LS: It’s not easy recruiting judges for a few reasons. Number one, in most jurisdictions they can’t sit on the bench and do arbitration, they have to do one or the other. So basically I had to try find judges who had retired from the bench and were still interested in doing arbitration.  But the next challenge was getting judges who typically aren’t used to doing things online. It’s not that difficult to learn how to use the application, but you still need someone who’s willing to learn and willing to do the arbitration online. Not everyone wants to do that having come from the bench. I also wanted judges that would do a good job with the customer. I want to provide customer service and a lot of judges aren’t used to that because they’re in a position of power and they don’t have to provide customer service. But I needed to find judges who understand that we’re answerable to customers.

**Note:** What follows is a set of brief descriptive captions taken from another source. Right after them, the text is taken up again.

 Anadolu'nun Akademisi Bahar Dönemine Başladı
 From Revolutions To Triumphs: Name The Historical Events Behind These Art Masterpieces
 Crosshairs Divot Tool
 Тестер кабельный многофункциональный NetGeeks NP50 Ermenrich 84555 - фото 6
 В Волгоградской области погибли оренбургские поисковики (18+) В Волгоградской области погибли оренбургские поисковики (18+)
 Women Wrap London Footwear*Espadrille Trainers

N: Legal start-ups are a still a rare breed in Canada. What are some of the challenges you face?

A: Well you know, some legal start-ups in Canada are getting a lot of push back from the law society.  However it hasn’t been an issue for eQuibbly and I don’t expect it to be. You know eQuibbly is not a law firm and we don’t give legal advice so it shouldn’t really be an issue. But I will say that the legal industry seems to be a few years behind other industries in changing the way it operates. And it’s always difficult getting people to change the way they’re doing things. You know, our legal system is more or less based on maintaining the status quo since it’s based on common law precedent. It’s the way that many lawyers think and it seems to be the way the law society operates. Of course, you really have to take a lot of things into consideration since they do have to regulate the industry and so there are no simple answers. At the same time, most good start-ups do push the envelope or try to push the envelope, and often  – at least initially – they’ll attract a lot of criticism. So, perhaps we just need younger more forward thinking people running the law societies but I don’t really know what the right answer is.

N: What about on the client side of the equation? Who is your target market, and are you getting traction there?

LS: Yeah, people seem to be enthusiastic about the service. Our target market is low- to mid-income individuals who don’t have the time or don’t have the finances available to hire a lawyer to litigate for them. And we target small business. But there is still a marketing challenge. That’s because a large part of marketing is about educating the public about arbitration and its benefits as an alternative to litigation.  This is a challenge because obviously many large companies know about the benefits and use arbitration quite extensively to avoid litigation.  But most individuals and small businesses are not all that familiar with it.  So for example, most people don’t realize that arbitration decisions are enforceable in court much like a judgement is. The difference is that you get to skip the costly litigation to get to the judgement.  Most people don’t realize that because it’s not something that’s really publicized much. It’s a matter of getting the word out that we exist and about the benefits of arbitration over litigation.

N: How do you see the future of ADR playing out?

LS: Whether it’s ODR or ADR I do see it playing a much larger role in resolving legal disputes in the future, replacing the traditional court system in some situations and supplementing it in others. I don’t know if a lot of people realize this but in Ontario last year it took on average eight and a half months to dispose of a case in small claims court and in general civil court – for claims over $25,000 – it took on average over one and a half years. I do think that at some point, maybe within five years, certain types of civil disputes will no longer be afforded the right to be resolved in public courts at taxpayers' expenses or else the parties to a dispute will have to pay much higher fees to take their case to court. So I do think there is a big future for ADR and ODR in our justice system.